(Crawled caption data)
□ □ □

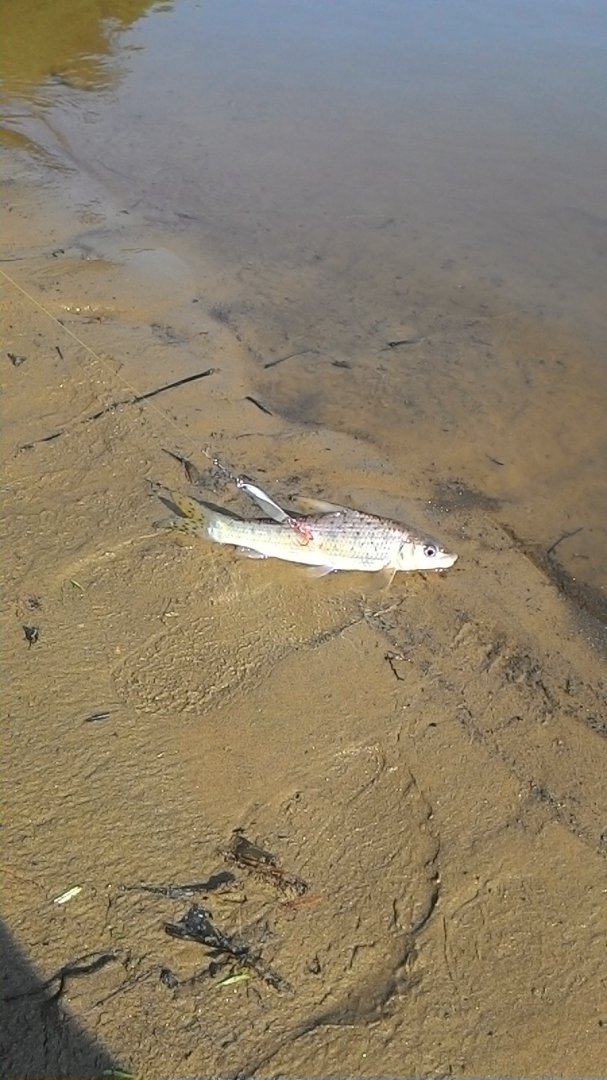 P_20150710_093900.jpg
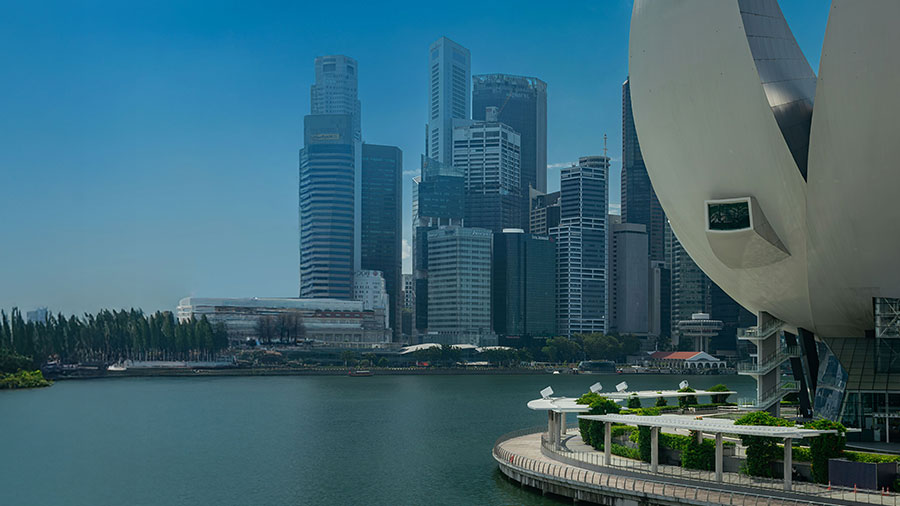 Введение в бизнес в Сингапуре 2025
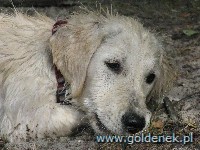 Psy tapety na pulpit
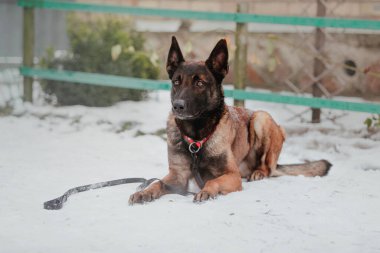 Kışın Belçika çoban köpeği Malinois. Soğuk mevsimde polis köpeği. Kardaki köpek.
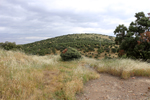  Minas Loulik y Ana Mary (Grupo la Nazarena). Almuradiel. Ciudad Real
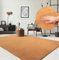 the carpet Relax kuscheliger Kurzflor Teppich, Anti-Rutsch Unterseite, Waschbar bis 30 Grad, Super Soft, Felloptik, Terra, 160 x 220 cm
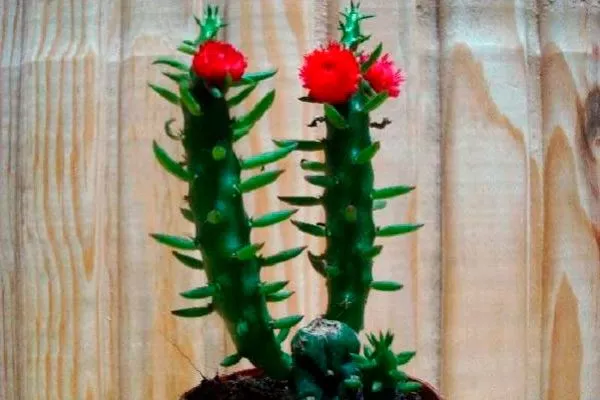 Игла Евы редкие кактусы8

□ □ □

• TO DO: Every record above must be given again exactly; drop the pictures.

• SOLVED EXERCISE:
 P_20150710_093900.jpg
 Введение в бизнес в Сингапуре 2025
 Psy tapety na pulpit
 Kışın Belçika çoban köpeği Malinois. Soğuk mevsimde polis köpeği. Kardaki köpek.
  Minas Loulik y Ana Mary (Grupo la Nazarena). Almuradiel. Ciudad Real
 the carpet Relax kuscheliger Kurzflor Teppich, Anti-Rutsch Unterseite, Waschbar bis 30 Grad, Super Soft, Felloptik, Terra, 160 x 220 cm
 Игла Евы редкие кактусы8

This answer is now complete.